RECORDS SUPPLIED
>>>>

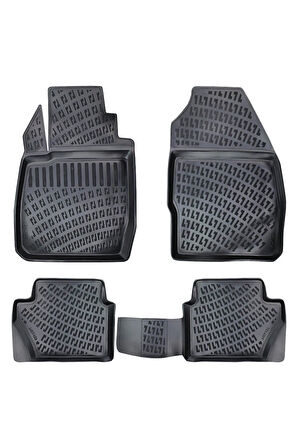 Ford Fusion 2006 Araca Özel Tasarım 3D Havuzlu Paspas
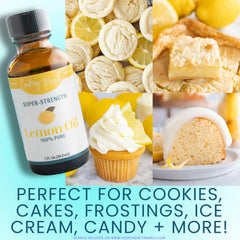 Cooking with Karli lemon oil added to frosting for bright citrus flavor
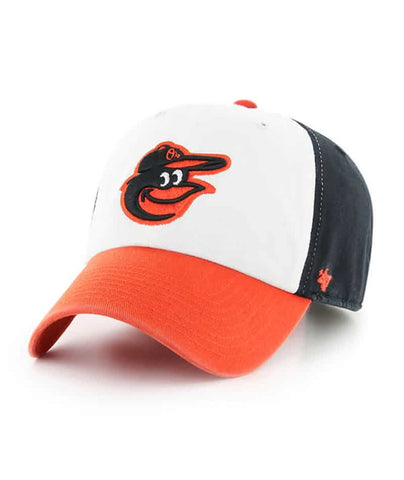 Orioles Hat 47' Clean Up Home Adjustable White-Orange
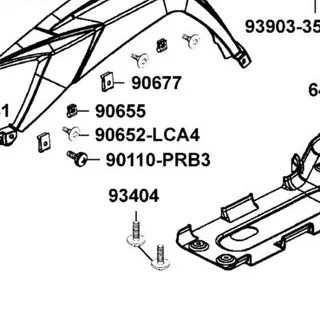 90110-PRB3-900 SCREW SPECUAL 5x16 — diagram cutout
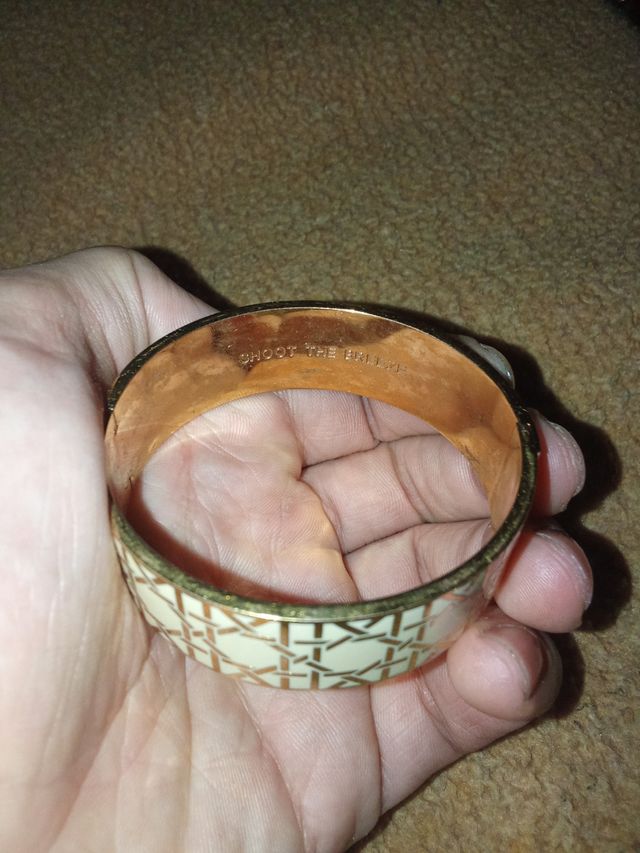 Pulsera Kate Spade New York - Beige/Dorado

<<<<
>>>>

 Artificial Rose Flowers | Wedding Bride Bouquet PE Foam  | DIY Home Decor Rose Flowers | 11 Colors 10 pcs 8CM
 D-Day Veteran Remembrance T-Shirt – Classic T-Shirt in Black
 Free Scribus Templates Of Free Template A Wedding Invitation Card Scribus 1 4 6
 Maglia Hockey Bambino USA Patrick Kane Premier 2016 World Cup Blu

<<<<

TRY IT
Would you print exactly the lines in the listing above, from the line bearing "Ford Fusion 2006" through the line bearing "Pulsera Kate Spade New York - Beige/Dorado", leaving out all pictures?

REPLY TO THE EXERCISE
 Ford Fusion 2006 Araca Özel Tasarım 3D Havuzlu Paspas
 Cooking with Karli lemon oil added to frosting for bright citrus flavor
 Orioles Hat 47' Clean Up Home Adjustable White-Orange
 90110-PRB3-900 SCREW SPECUAL 5x16 — diagram cutout
 Pulsera Kate Spade New York - Beige/Dorado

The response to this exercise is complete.